One elderly priest in Cebu had a genuine concern for the welfare of this prosperous but benighted soul. He called at his shop, he barred his way in the street, he argued, he cited, he appealed, but to no effect. Wong answered that, although a heathen, he was doing a better business than any one else; so what was the use of changing gods? And with a heart-deep sigh he requested the clergyman to change the subject. Seeing, at last, that all customary methods of conversion were doomed to failure, the friar betook himself to the shrine of St. Nicholas, and asked him to do something that should turn this poor soul to the faith. St. Nicholas praised his petitioner’s zeal, and promised to work a miracle. The friar possessed his soul in patience, and the conversion came that very week. Wong was assailed in his office by five robbers, armed with knives and daubed with blood, to show that they intended neither to give nor ask for quarter. He had sold many goods that day, and they had come for his money. Wong reached for the sword that always hung within his grasp, but to his dismay it was gone. St. Nicholas or the friar had hidden it. He glanced rapidly about the room, but saw nothing that he could oppose to the knives of the desperadoes, and even if he had, they were five to one, so his escape from a cruel death seemed impossible. Just then the robbers were struck into a stupor, for on the wall behind the merchant a light was shining, and soft music floated through the room. The partition opened, and St. Nicholas stepped within the apartment. Turning to the Chinaman the visitant said, “Believe in the true faith, Wong, and your life shall be saved.
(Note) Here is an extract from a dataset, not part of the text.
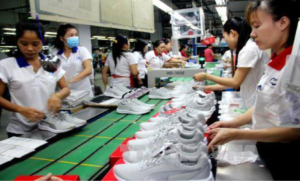 Dịch vụ vận chuyển đường bộ từ Trung Quốc về Việt Nam Tác động của EVFTA và hoạt động xuất khẩu da giày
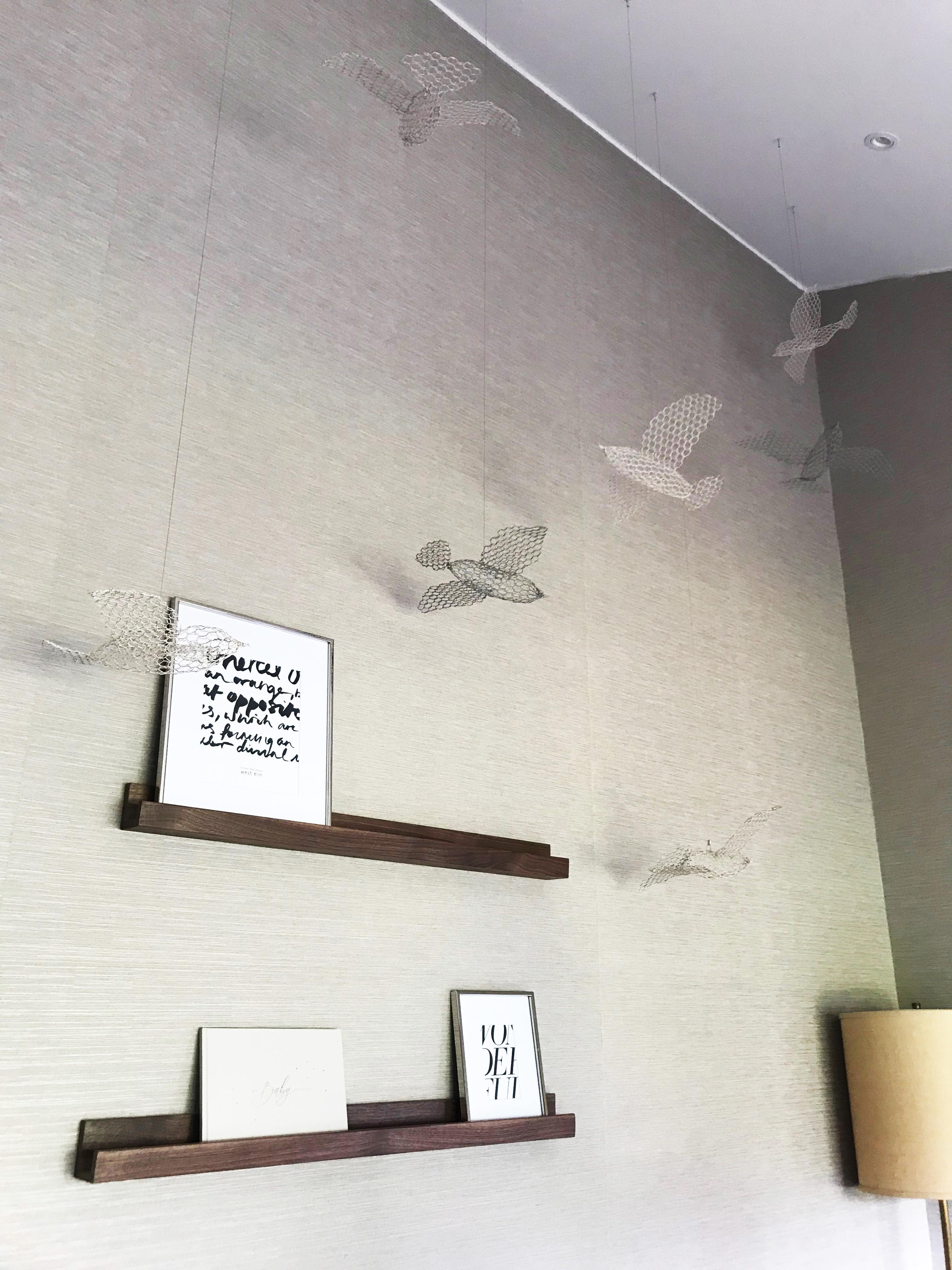 Arozarena De La Fuente Still-Life Sculpture - Hanging Birds Sculpture Ideal for Children´s Rooms and Outdoor Spaces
Believe otherwise, and you shall die.” Wong changed his faith in one second, and said so. The saint waved his hand toward the ruffians and they dropped to the floor in a faint, whereupon Wong, plucking the knife from the hand of the nearest, carefully but expeditiously and joyfully cut the throats of all five, called in his neighbors and persuaded them to join the church with him. They did this almost immediately, and the most popular saint among the Chinese of Cebu is still St. Nicholas.